The East River Energy Storage System is designed to balance peak electricity demands and provide grid reliability by delivering reactive power, voltage support and frequency stability to the New York region.
The energy storage system is expected to achieve commercial operation on Jan. 1, 2023.
Ames Electric, with Iowa State University, is hosting a ‘mobile microgrid’
December 16, 2020
by Peter Maloney
APPA News
December 16, 2020
Ames Electric Services in Iowa is providing support for a mobile microgrid project initiated by the Iowa National Guard.
The mobile microgrid comprises solar panels with a total capacity of about 15 kilowatts (kW) and six Tesla Powerwall lithium-ion batteries with a combined capacity of 60 kW, 78 kilowatt hours, all packed into a 20-foot shipping container.
The “microgrid in a case” can be readily shipped anywhere via truck or train or ship, unpacked and set up and be ready for service in two hours, Donald Kom, electric services director at Ames Electric, said. The equipment can generate single phase or three phase power at either 110 volts or 220 volts.
The mobile microgrid also includes a 6.5 kW diesel generator in case “all else fails,” Kom said, and Ames Electric Services is also looking at adding a small wind turbine to the equipment.
The project was developed by the Electric Power Research Center (EPRC) at Iowa State University and its partners, SunCrate and PowerFilm Solar for the Iowa Army National Guard.
Funding came from the National Guard and the Iowa Economic Development Authority.
The National Guard was interested in finding a way to have power at remote locations.
Even though the mobile microgrid was designed for uses such as emergency outages, in its current location it can be used by the public to charge electric vehicles. It is sited and in operation on a utility lot at the end of Main St. in Ames.

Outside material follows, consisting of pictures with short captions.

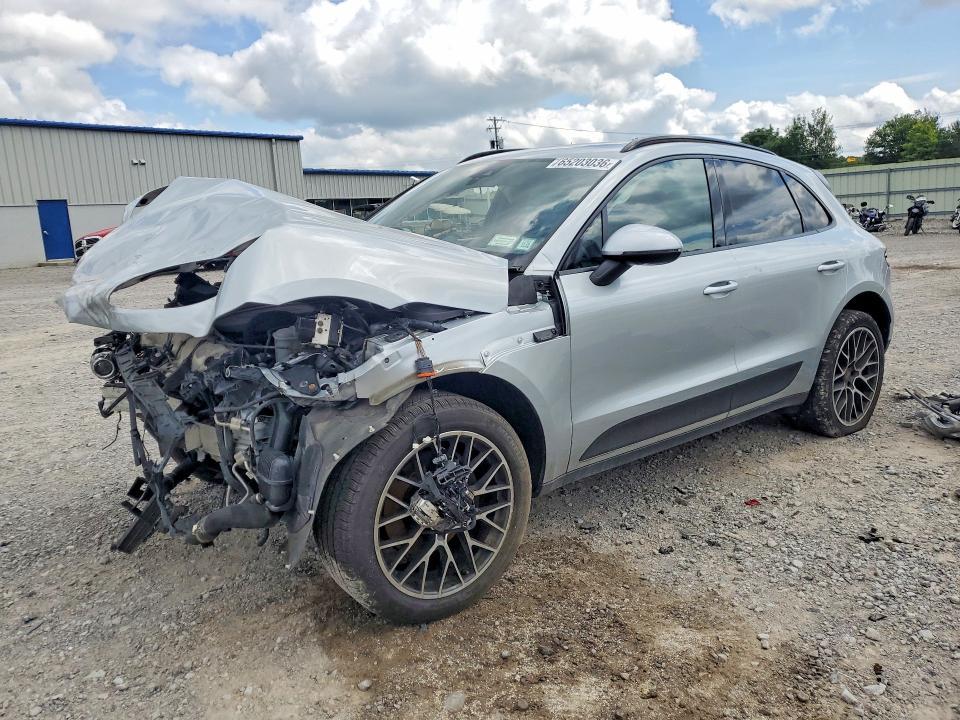 2018 PORSCHE MACAN   
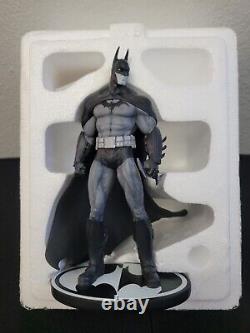 Statue en édition limitée Batman Noir et Blanc par Dave Cortes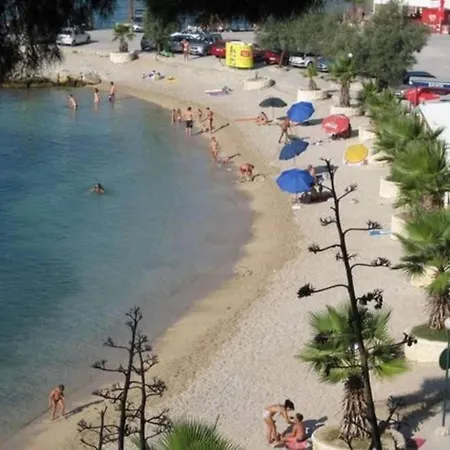 Ruhige Mit Herrlicher Aussicht By Interhome Daire *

Kom said Ames Electric intends to add an electric vehicle charger to the box and begin offering electricity to EV owners.

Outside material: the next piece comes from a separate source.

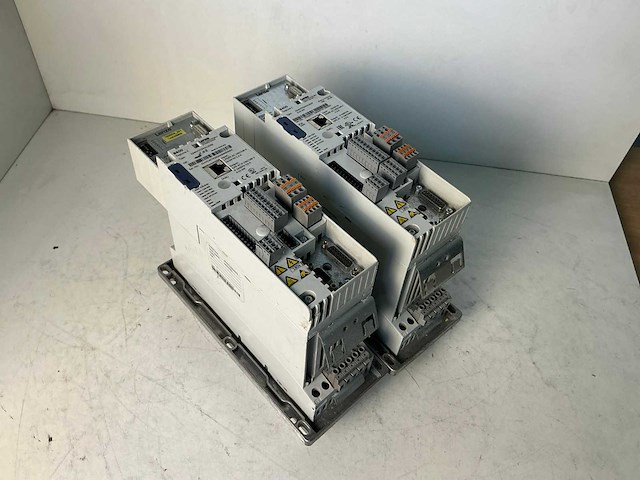 Lenze frequentieregelaar (2x) - afbeelding 1 van  5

“We want to use it as much as possible otherwise it is bad for the batteries,” Kom said. The mobile microgrid will provide a valuable test site for the performance and operation of the equipment and will also provide visibility for the microgrid and the renewable energy technology. “We are hoping that the public will come and check it out and plug stuff in,” Kom said. “This is a win-win for the both the project creators and the public. The site offers great visibility and opportunity for public education.”
“One of things we are trying to do is see how long the batteries last,” Kom said. “We are going to load it up as much as we can. We are going to put it through its paces.” The mobile microgrid is expected to stay on its current site for six to nine months. Ames Electric intends to collect data from the unit and share it with the EPRC, which can use it to make improvements and produce a second generation of the unit.

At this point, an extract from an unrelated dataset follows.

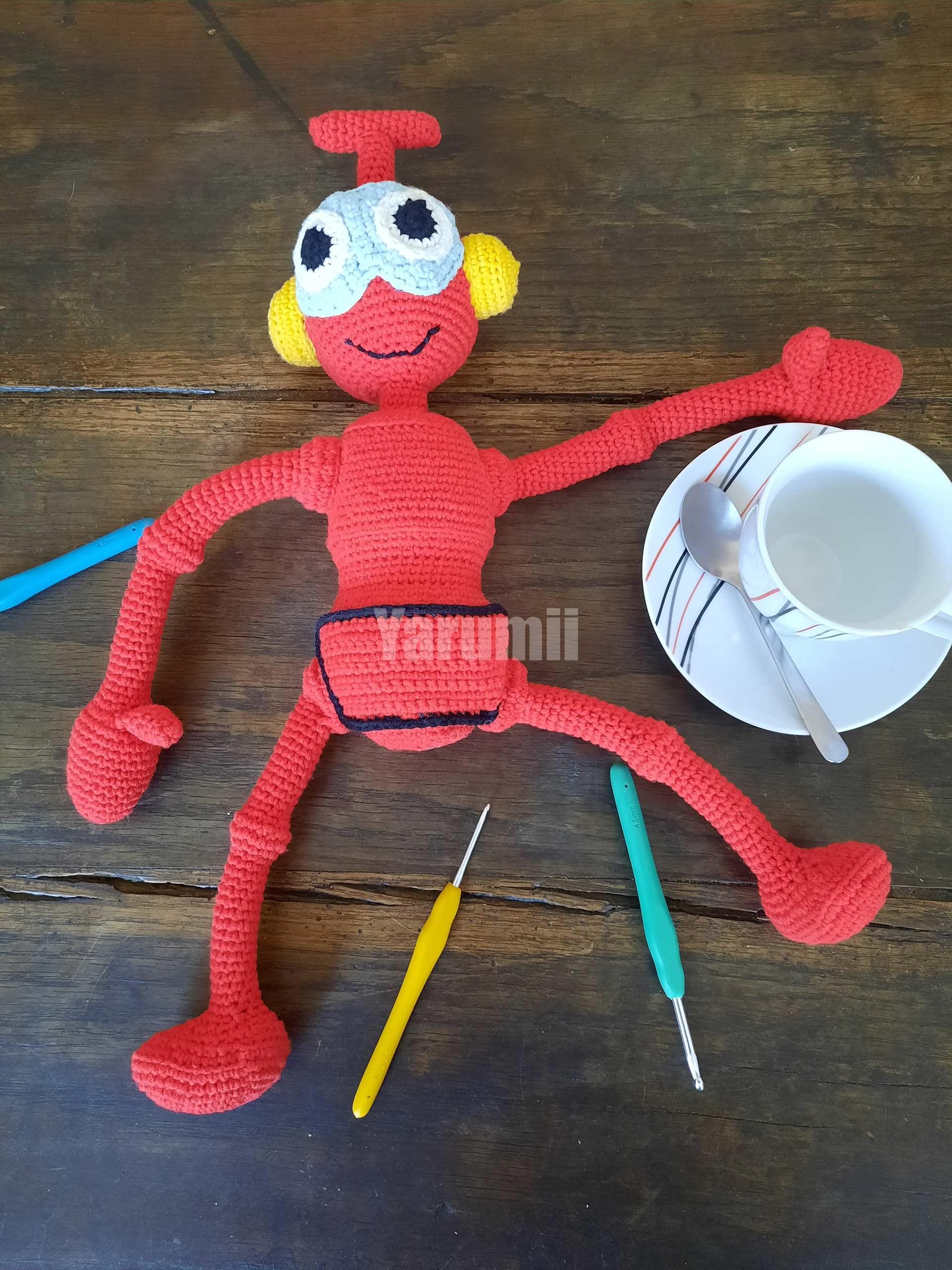 Nono, le petit robot au crochet - Yarumii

Kom said he also sees a potential benefit for the utility having a mobile microgrid. In August, Ames Electric was hit by a derecho that left some customers without power for up to a week. It would have been “a huge benefit” to have a mobile unit that could have provided power for customers to charge cell phones and other essential equipment, as well as providing a focal point from which the utility could disseminate information for customers, Kom said.
Separately, Ames Electric is preparing to go live with its first community solar project just before Christmas. Ames Electric is selling shares – what it calls Power Packs – in the 2.2 megawatt (MW) solar farm to its customers. Each share requires a $300 one-time investment and represents 175 watts of capacity.
Share owners will receive monthly credits on their utility bill, expected to be about $1 per month, based on the electrical output of the solar farm. Ames estimates customers could earn back their investment in 16 or 18 years, depending on how much the sun shines. About one-third of the shares will likely go to Iowa State University. Ames Electric would use the solar output not taken up by share owners to feed into its grid.
Ames Electric is also a recipient of an award stemming from a settlement with Volkswagen and is using the money to install at least two level-three electric vehicle chargers on Interstate 35.